When they start to understand that the non-determinism isn't really the only problem of their classical assumptions, they start to talk about non-locality. But non-locality isn't the real problem, either. Non-local hidden variable theories still fail. What Nature really requires us to do is to describe Her with mutually non-commuting observables. The very combination of words "non-commuting observables" says that the quantities that determine anything that may be observed and perceived simply can't be determined at the same moment.

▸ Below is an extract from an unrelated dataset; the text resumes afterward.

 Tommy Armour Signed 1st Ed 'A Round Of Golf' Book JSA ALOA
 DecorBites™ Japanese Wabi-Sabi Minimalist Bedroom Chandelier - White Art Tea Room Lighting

If one uses the bizarre vocabulary of the hidden-variable apologists, he may study some of the trivial results such as the $A_{ij}$ ion experiment above, and he may build a pile of "desired adjective" that the ultimate hidden-variable theory must satisfy. "Contextual" is one of those adjectives. However, when you combine all these adjectives and express them quantitatively, you will find out that proper quantum mechanics – with the probabilistic, instrumentalist interpretation known from the very beginning – is the only possible theory that may satisfy all these adjectives.

In this text, I argued that "contextuality" is a property of quantum mechanics; in the quantum context, it may be rephrased as the non-existence of an objective reality. However, I also want to stress that the usage of the words "contextual" and "non-contextual" is tendentious and this vocabulary is pretty much restricted to the people who are obsessed with a mission to show that quantum mechanics is fundamentally wrong or incomplete.

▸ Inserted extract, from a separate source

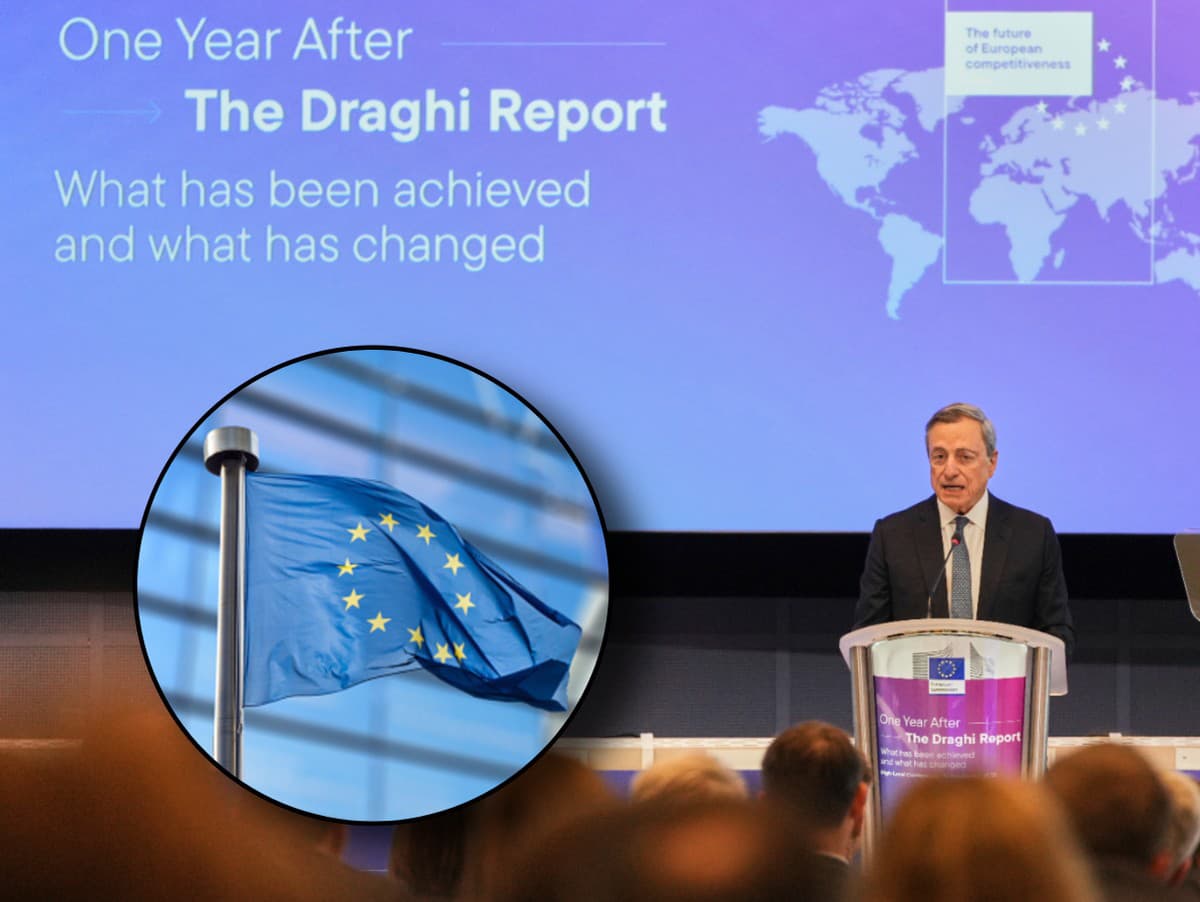 Mario Draghi počas prejavu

A person who understands that the basic framework underlying modern physics has to be quantum mechanical probably wouldn't ever talk about "contextual" things because this adjective just takes a property of quantum mechanics from the context. Of course that the values of the observables (and the predicted probabilities) depend on what you decide to measure; if you measure something that doesn't commute with $L$, you inevitable change the probabilities of different values of $L$.

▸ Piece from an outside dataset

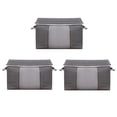 thumbnail image 1 of zanvin Sacs de Rangement pour Garde-Robe, Grands Sacs de Rangement, Bacs de Rangement pour Vêtements, Organisateur de Garde-Robe Pliable, Contenants de Rangement avec Poignées Durables pour Couverture, Couettes, Lit, 1 of 4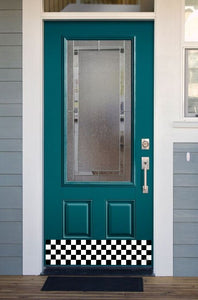 Door Kick Plate - Magnet - “Checkerboard” - UV Printed - Multiple Sizes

While "contextuality" may be understood to be a valid property of quantum mechanics and our world, and I treated it in this way so far, it is a word hijacked by those who refuse quantum mechanics. Because they assume incorrect things about Nature, they're "immediately" deducing many things out of "contextuality" that are not true. Non-locality is one of them. Non-locality of the laws of physics would mean that at least in principle, events at location $A$ change the probabilities of different things that may be seen at location $B$. But quantum mechanics (especially its relativistic models, namely quantum field theories and string theory) denies this non-locality: locality is completely exact. The identification of "contextuality" and "non-locality" is one of the flawed operations that are made by the people who still assume that the world is intrinsically classical. They're not using quantum mechanics (and its logic) to evaluate the validity of various propositions so they're often ending with as invalid statements as $\prod R_i = \prod C_i$ would be above.